Larry Cuban: O “otimismo tecnológico” encontra as escolas – as escolas vencem (parte 2)
Tanto no presente quanto no passado, protestos e reclamações não impediram a chegada de inovações tecnológicas. Esse é o poder do otimismo tecnológico: mudar é algo bom. Mudança significa progresso. Mudanças tornam a vida melhor. Claro, mesmo que as novas tecnologias desfaçam setores da indústria, as pessoas percam empregos e fusões corporativas expulsem as pequenas empresas, a vida será melhor do que antes. O otimismo tecnológico reina na América.
Na Europa e nos Estados Unidos, há séculos existe a crença de que novas tecnologias podem melhorar a vida individual e coletiva – a saúde, a produtividade na escola e no local de trabalho, a comodidade do lar e o envolvimento com a comunidade. Essa visão é difundida independentemente de raça, etnia, classe social e crença religiosa.
O sonho de que a internet promoveria a democracia, por exemplo, era vivo na primeira geração de usuários. No entanto, depois de alguns anos, ficou óbvio que a internet, como a maioria das tecnologias, pode ser usada para o bem ou para o mal; pode expandir a participação popular nas democracias ou reforçar as garras das ditaduras no controle dos cidadãos. Ou então, a internet se torna invasiva e comercial ao “sugar” dados pessoais – vendidos para quem der o maior lance. Junte a isso as plataformas de mídias sociais que certamente conectam as pessoas umas às outras e, ao mesmo tempo, são veículos que intimidam, permitem o cultivo do ódio e interferem nas eleições nacionais de outros países.
Sonhos frustrados à parte, o tecno-otimismo continua sendo a crença padrão para a maioria dos americanos.

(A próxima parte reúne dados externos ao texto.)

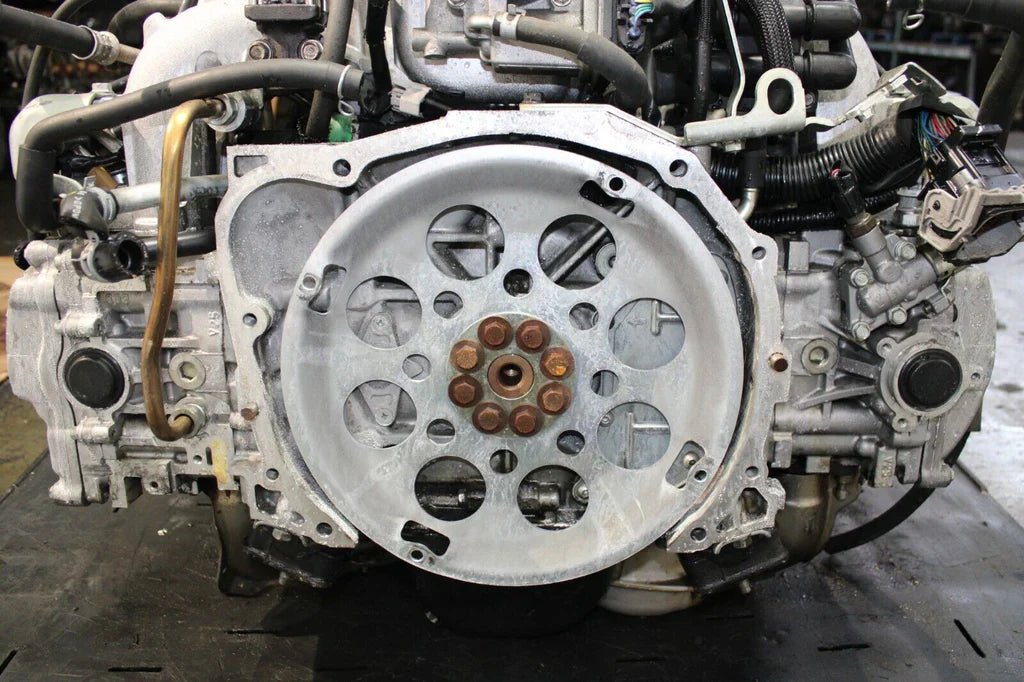 JDM 2006 - 2010 Subaru Forester, Impreza Motor EJ25 - SOHC - 2GEN 2.5L 4 Cyl Engine - Ezonesglobal - Buy at Wine Coolers Online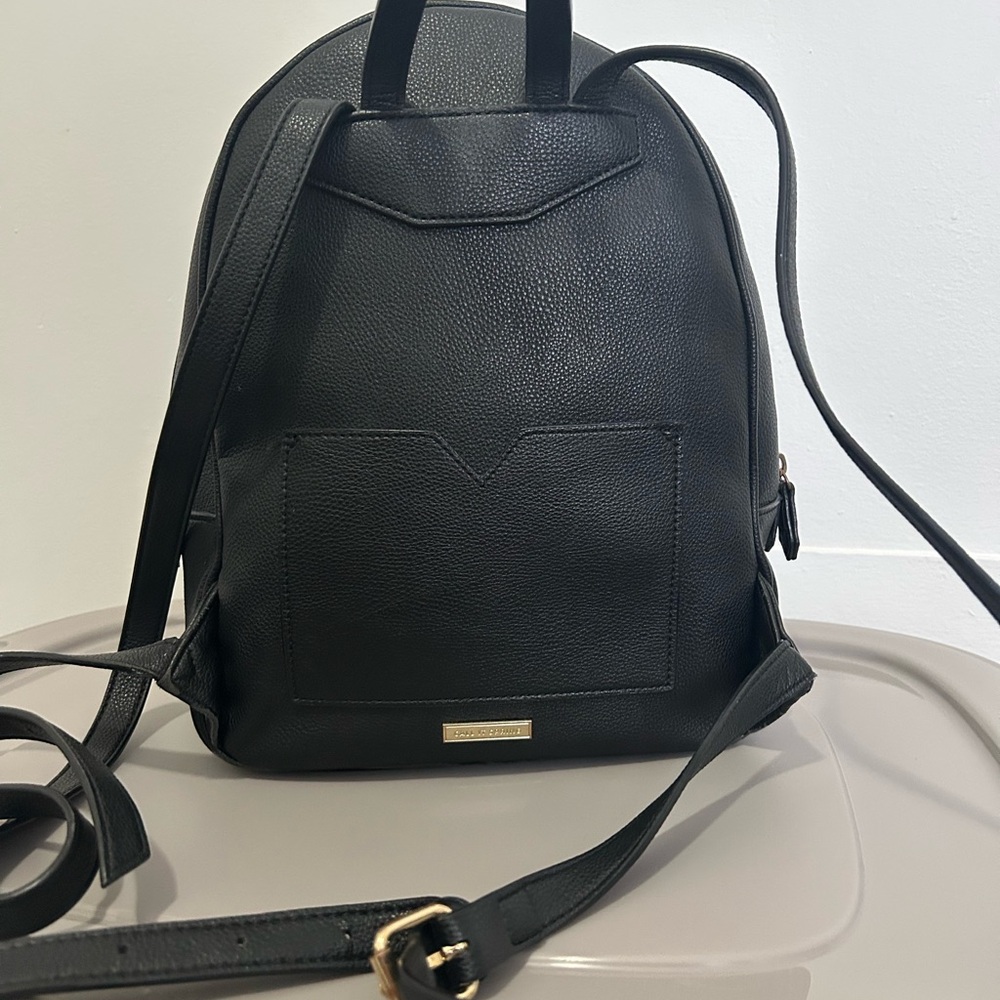 Call It Spring Black Backpack - Picture 3 of 3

E esse “otimismo” (sem o prefixo “tecno”) também pode ser usado para descrever os(as) educadores(as). Afinal, os homens e mulheres que se tornam professores(as), diretores(as) e superintendentes realmente acreditam que os(as) alunos(as) podem sempre melhorar, que aprender é uma coisa boa e que todas as crianças e jovens têm muito a ganhar quando as escolas são “boas”. Poucas pessoas pessimistas entram na profissão e, caso entrem, raramente duram mais de um ou dois anos.
No entanto, esse otimismo tecnológico vai ficando mais suave ao longo do tempo. As reformas educacionais vêm e vão. O hype (o que está na moda) logo é reconhecido e facilmente descartado. Muitas vezes, certas mudanças ocorrem mas ficam bem abaixo das expectativas. Apesar disso, a escola que utiliza a classificação etária e um “guia de práticas escolares”, na qual os professores trabalham diariamente, é o que diminui esse otimismo: não damos a devida importância a essas escolas. Principalmente, pelas condições de trabalho (por exemplo, longas jornadas diárias de ensino, o tamanho das turmas, tempo limitado para planejar, poucos materiais, muitas tarefas diferentes); pela influência negativa que a segregação social têm nas habilidades e no desempenho dos alunos; e as más decisões de diretores(as) e administradores(as) escolares. Dentro dessas escolas, é grande a decepção, o que elimina grande parte desse otimismo tecnológico principalmente quando se trata de novas tecnologias.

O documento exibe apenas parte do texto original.